## What the exercise asks:
No pictures belong in the copy. Restate the rest of the data exactly.

━━━━━━━━━━━━━━━━━━━━━━━━━━━━━━

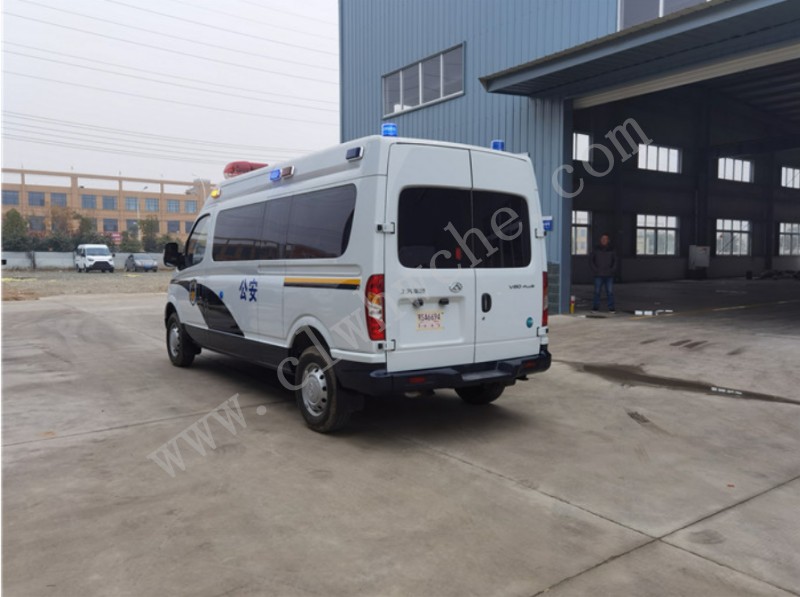 上汽大通V80長軸中頂12座公安囚車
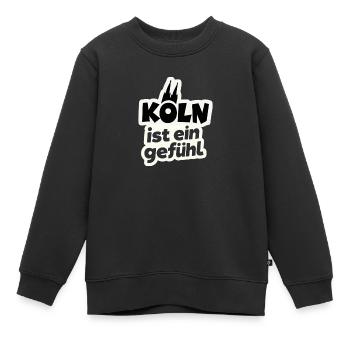 Cologne est une sensation de cathédrale de Cologne - Sweat Premium enfant bio - noir - Devant - AI Model Kid Female (0cm)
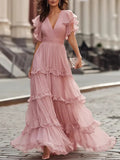 Zoe | Abito Maxi Elegante da Sposa Rosa Chiaro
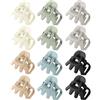Kajeer 12 fermagli Mollette per capelli donna - Pinze Pinzette per Capelli Donna, clip per capelli artiglio tappetino antiscivolo per le signore mollette capelli donna eleganti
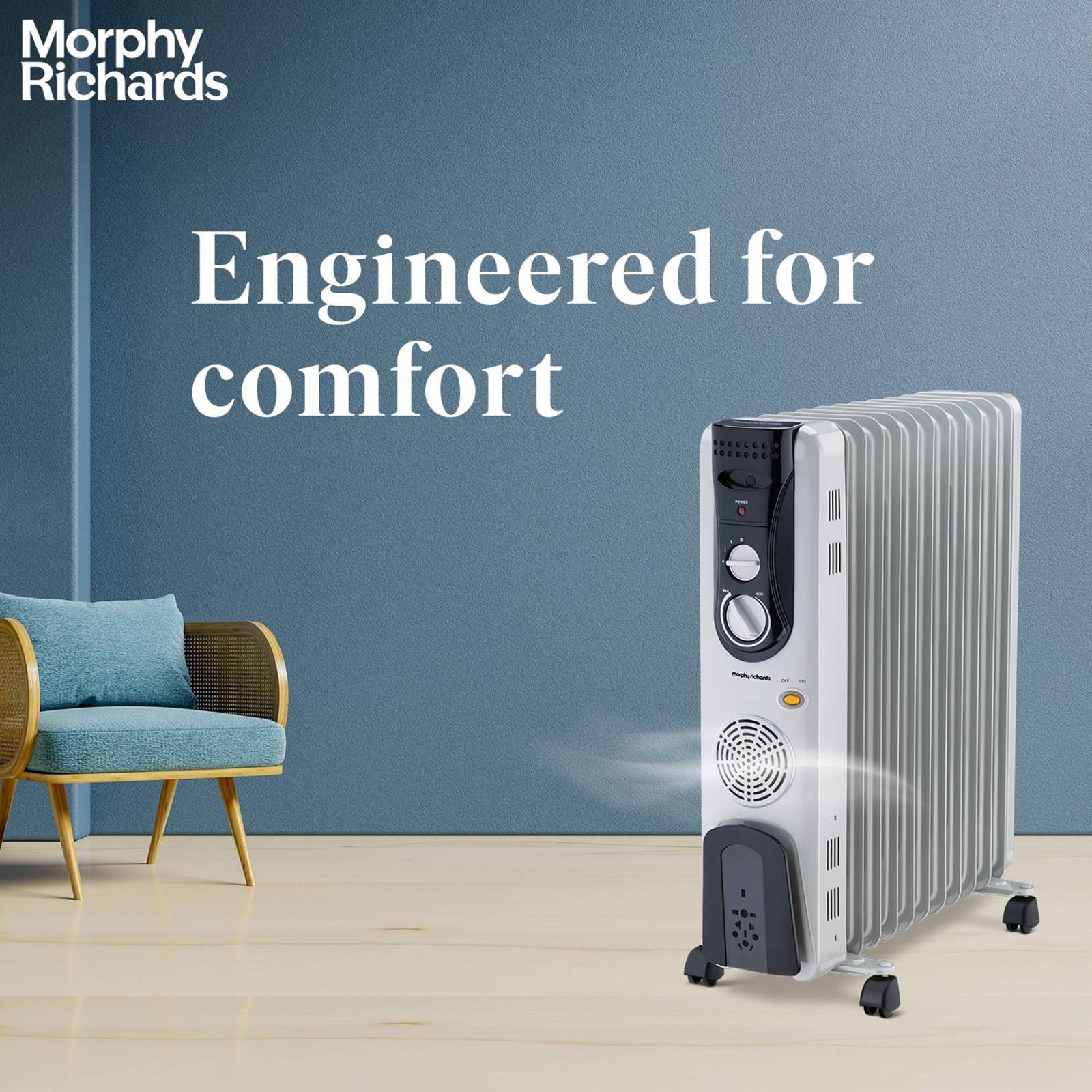 morphy richards 2900W Oil Filled Radiator Room Heater with 11 Fins (Adjustable Thermostat_9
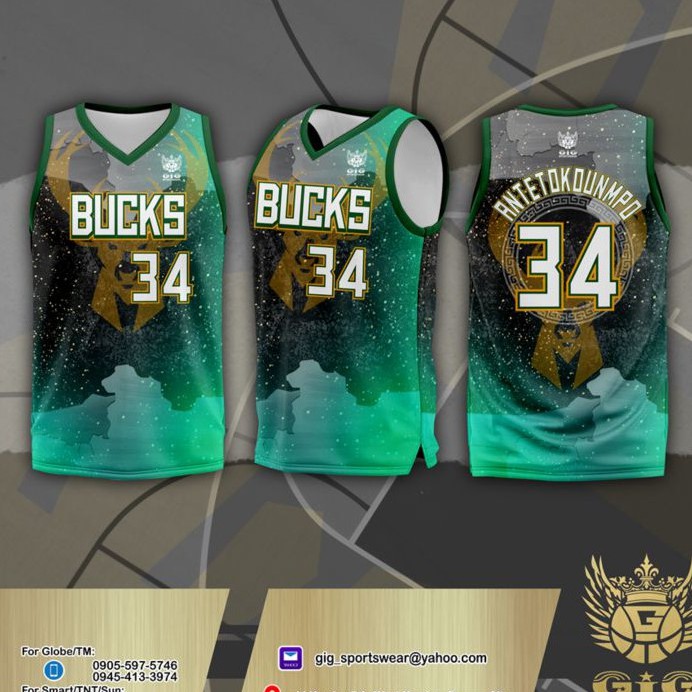 Milwaukee bucks best sale sublimation jersey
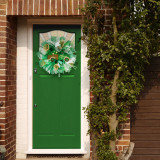 St.Patrick's Day Wreath Leprechaun Wreath Clover for Front Door Decorations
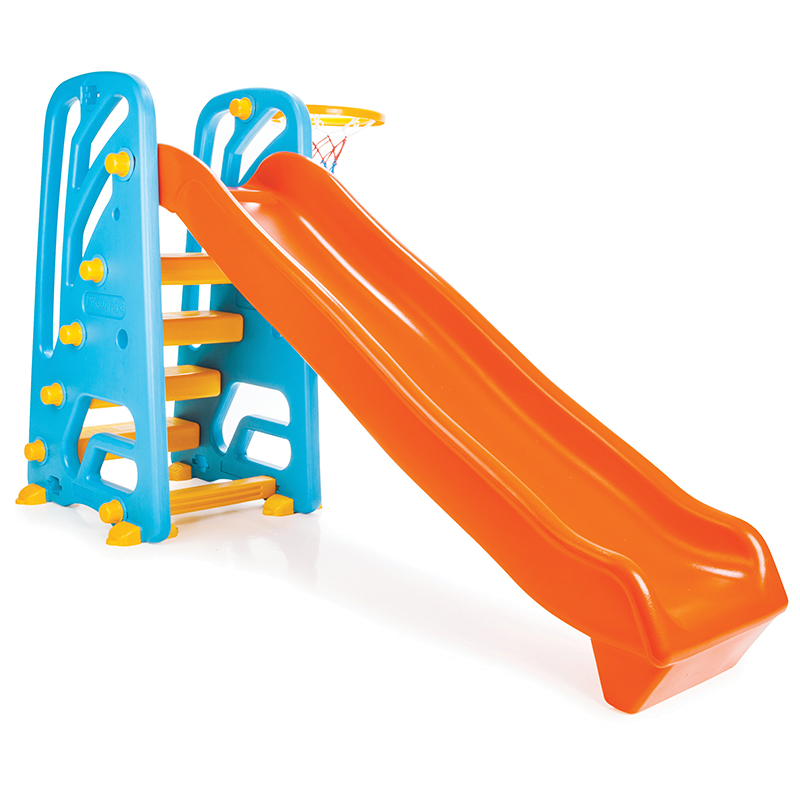 Tobogan Pilsan Wavy Slide cu Cos de Baschet - imagine 2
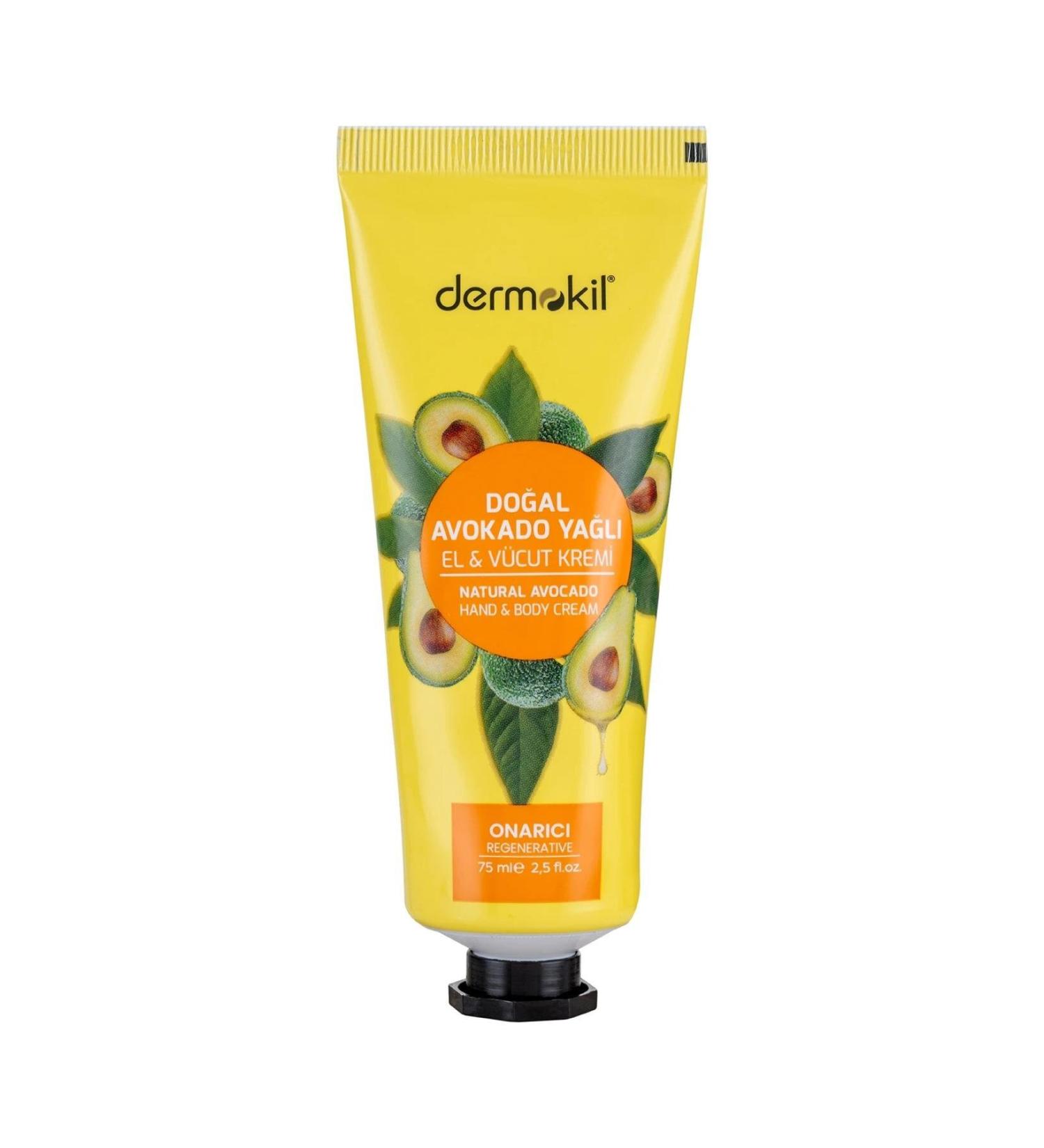 Dermokil Avocado Oil Hand and Body Cream 75 ml - Buy Online on GoSupps.com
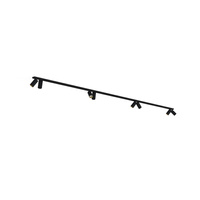 Lampa Sufitowa Oprawa Natynkowa Reflektor Punktowa 8x GU10 Czarna Nowoczesna MONO 7701 Nowodvorski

━━━━━━━━━━━━━━━━━━━━━━━━━━━━━━

## Your solution:
 上汽大通V80長軸中頂12座公安囚車
 Cologne est une sensation de cathédrale de Cologne - Sweat Premium enfant bio - noir - Devant - AI Model Kid Female (0cm)
 Zoe | Abito Maxi Elegante da Sposa Rosa Chiaro
Kajeer 12 fermagli Mollette per capelli donna - Pinze Pinzette per Capelli Donna, clip per capelli artiglio tappetino antiscivolo per le signore mollette capelli donna eleganti
 morphy richards 2900W Oil Filled Radiator Room Heater with 11 Fins (Adjustable Thermostat_9
 Milwaukee bucks best sale sublimation jersey
 St.Patrick's Day Wreath Leprechaun Wreath Clover for Front Door Decorations
 Tobogan Pilsan Wavy Slide cu Cos de Baschet - imagine 2
 Dermokil Avocado Oil Hand and Body Cream 75 ml - Buy Online on GoSupps.com
 Lampa Sufitowa Oprawa Natynkowa Reflektor Punktowa 8x GU10 Czarna Nowoczesna MONO 7701 Nowodvorski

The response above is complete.